Çoğunluğunuz ya “gazeteciyim” deyip birilerini kandırdınız…
Ya da “gazeteci” olmamanız o birilerinin işine geldi…
Sizlere “gazeteci” ayarı verip maaş ödüyorlar…
Diledikleri gibi haber ısmarlıyorlar…
“Düşman” ya da “Yandaş” oldukları kişilere ısmarladıkları soruları sormanızı emrediyorlar…
Siz de kabul edip kendinizi kullandırıyorsunuz…
O durumda diplomanız ”gazeteci” olduğunuzu gösterse de zaten “gazeteci” değil, “tetikçisiniz”…
Veya…
 “İyi gazetecisiniz”…
Ama…
Yönetiminde çalıştığınız kişiler yaptığınız haberleri görmezden geliyor, siz de “Ekmek parası” uğruna sesinizi çıkaramıyorsunuz…


Öyle ya da böyle…

Ama biliniz ki yaptığınıza “gazetecilik” denilemez…
Patronun meşrebine göre hareket eden, tam da patronun “keyfine” göre gazetecilersiniz…   

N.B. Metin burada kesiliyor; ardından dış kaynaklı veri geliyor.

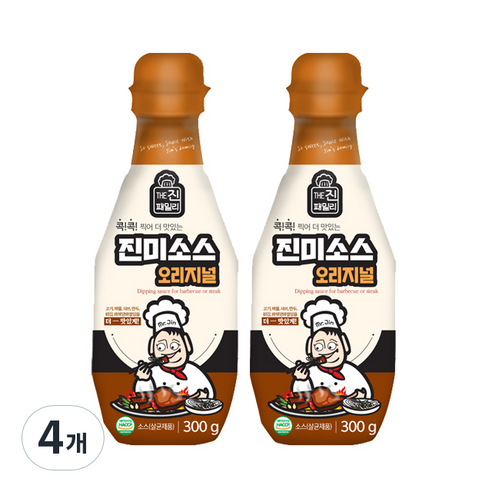 진패밀리 진미소스 오리지널, 300g, 4개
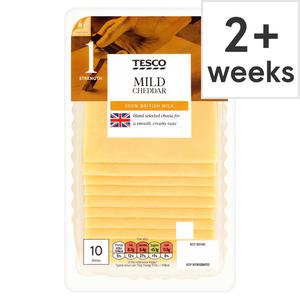 Tesco Mild 10 Cheddar Slices 250G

Kimler gazeteci değildir...

- Yargının yaptığı bir operasyona  “kanunsuz” yaftasını önceden yapıştıranlar…
- Operasyonu yürüten savcı ve emniyet mensuplarını sadece bir iddia ve hatta “vehim”üzerine “Mahkûm” edenler...
- Operasyona maruz kalmış ve kimisi yargılama aşamasında; kimisi ise savcının verdiği “takipsizlik kararıyla” aklanmış insanlara  “Hırsız”  diyenler...
HSYK'nın kararını beklemek yerine savcının satın alındığını iddia edenler...
- Üç ay öncesine kadar HSYK’nın anayasal bir kuruluş olduğunu savunup bugün anayasaya aykırı olduğunu savunanlar
 “gazeteci” değildirler...
Çünkü...
Gazeteciler/Yazarlar elbette eleştirmekte özgürdür ama…
Ortada henüz mahkeme kararı yokken birilerini “mahkûm” ya da “masum” ilân etme hakları da yoktur…
Bu yazdıklarıma da meselâ kızma, öfkelenme, eleştirme hakları var…
Ama…
Bana telefon ya da mail mesajıyla hakaret ve küfür etme hakları ve özgürlükleri de yok…


Haliyle çoğunuz “televizyon habercisi” de değilsiniz…
“Çoğunuz” derken kimleri kast etiğimi de açayım…
 “Haber değeri çok yüksek” olduğu halde yolsuzluk haberlerini yapamayanlar…
Yapılmışsa da yayımlamayanlar…
Ya da:
“Haber değeri çok yüksek” olan haberleri :

-          Abartarak…

-          Bozarak…

-          İşlerine geldiği gibi yazarak…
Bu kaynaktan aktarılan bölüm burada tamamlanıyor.